◆ **Work item**
Return the entries below word for word. No picture belongs in the copy.

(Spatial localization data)
-*-*-
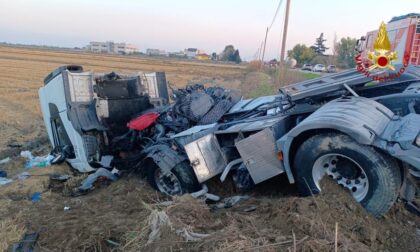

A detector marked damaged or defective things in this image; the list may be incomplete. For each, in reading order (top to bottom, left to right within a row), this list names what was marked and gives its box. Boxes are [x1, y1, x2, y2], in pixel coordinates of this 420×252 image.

overturned truck [39, 65, 420, 217]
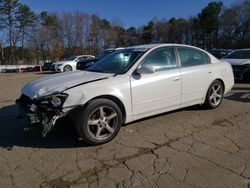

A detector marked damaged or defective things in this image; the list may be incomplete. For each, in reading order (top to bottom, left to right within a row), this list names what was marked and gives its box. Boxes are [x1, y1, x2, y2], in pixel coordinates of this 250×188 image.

broken headlight area [16, 93, 73, 137]
damaged front bumper [16, 94, 74, 137]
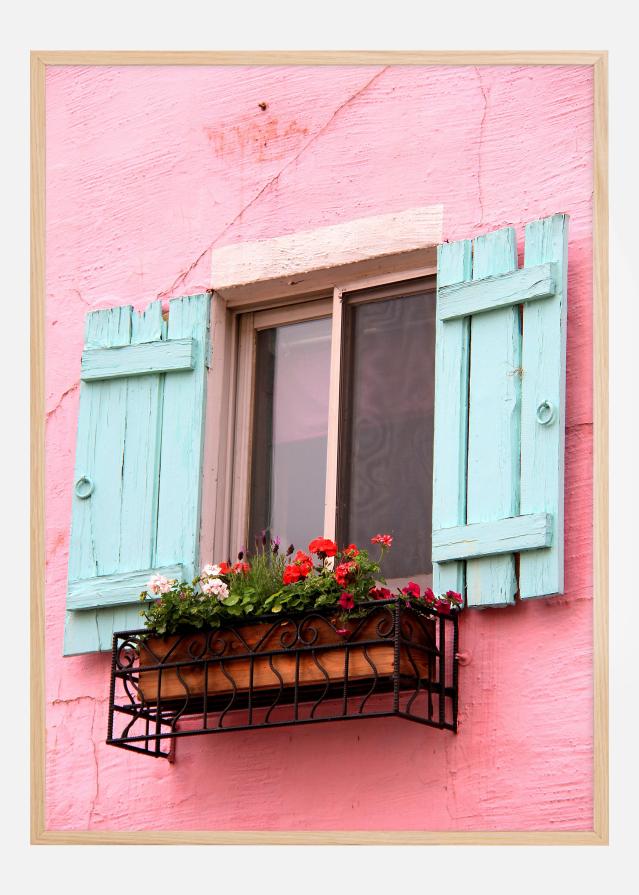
-*-*-
◆ **Answer section**
A detector marked damaged or defective things in this image; the list may be incomplete. For each, in reading order (top to bottom, left to right within a row), this list names what was marked and gives its box. Boxes are [x1, y1, x2, y2], in pixel coordinates of this 420×252 image.

overturned truck [39, 65, 420, 217]

A detector marked damaged or defective things in this image; the list may be incomplete. For each, in reading order (top to bottom, left to right within a row), this list names what was marked and gives its box. Boxes are [x1, y1, x2, y2], in pixel coordinates of this 250×188 image.

broken headlight area [16, 93, 73, 137]
damaged front bumper [16, 94, 74, 137]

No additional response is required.